Wild Card Games Cap Months Long Seasons
• Playoff baseball caps long season for division titles and home-field advantages.
After the 2011 season, Major League Baseball expanded its postseason, adding the win-or-go-home wild card game.
Previously, one team that earned the wild card spot, making them the best team in their respective league to not win their division, would be guaranteed a spot in the division series. But with the amended postseason, the two best teams in each league to not win their division face each other in a winner-take-all, single-elimination game. The winner goes to the division series, and the loser goes home for the winter.
Wild card games have provided some of the most memorable, exciting and heart-stopping moments in baseball over the past nine years. However, it is still a heavily debated postseason topic for a reason that has been illustrated over the course of 2021. The Los Angeles Dodgers won 106 games during the season. But the only team in baseball to have a better record than the Dodgers happened to be the division-rival San Francisco Giants.
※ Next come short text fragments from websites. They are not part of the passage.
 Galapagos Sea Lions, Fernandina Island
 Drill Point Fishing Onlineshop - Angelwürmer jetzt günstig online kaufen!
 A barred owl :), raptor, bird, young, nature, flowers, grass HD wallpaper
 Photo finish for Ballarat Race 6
Because of this, the second-best team in baseball had to face the St. Louis Cardinals in a single-elimination wild card game. So, is the current MLB postseason format a fair way to determine a World Series champion?
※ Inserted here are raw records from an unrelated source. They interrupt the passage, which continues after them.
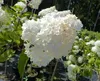 Hortensie Rispenhortensie Stamm 150 - 180 cm Candlelight Produktbild-Vorschau 2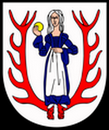 Tarot Biały Bór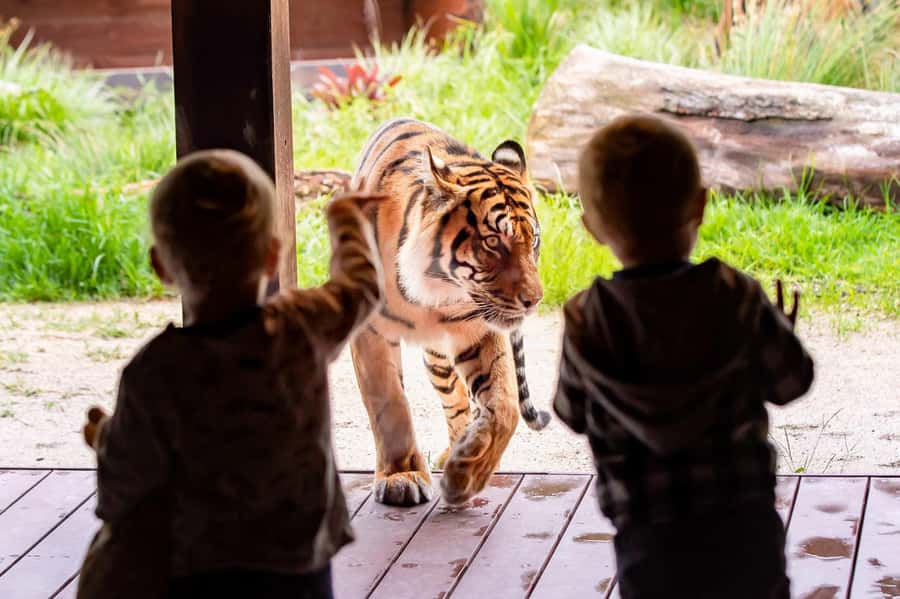 Sydney: Taronga Zoo Ticket with Return Ferry - Arriving beside Taronga Zoo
There is one question that needs to be answered in order to argue for or against the wild card game: How much does winning your division matter? Major League Baseball’s current format gives a huge advantage to teams that win their division.
If a team wins its division, it is guaranteed a spot in the division series, a best-of-five series. Also, division winners are guaranteed home-field advantage against wild card teams up until the World Series.
This means that it’s possible for a wild card team to not have home-field advantage against a significantly worse team. Winning your division gives you a huge advantage throughout the postseason.
Many ask why winning your division should matter. Well, each team plays significantly more games against division opponents than against teams in the rest of their league. Teams play division opponents 19 times each season, while they play other opponents in their league just six or seven times. If winning your division doesn’t or shouldn’t matter, then why do teams play division opponents so much more than they play the rest of the league?
Another important question to ask is whether or not the wild card game devalues the regular season. Some argue that playing a one-game playoff after a 162 game season throws out the past six months of baseball. However, others argue that the wild card game actually puts more emphasis on the regular season. After all, if the Dodgers had won two more games in 2021, they would have won their division and clinched home-field advantage throughout October.
Though it is heavily debated, the wild card game provides must-see TV for baseball fans. Given that it is one game that decides a team’s fate, it creates incredible moments year in and year out. And that’s a good thing for Major League Baseball.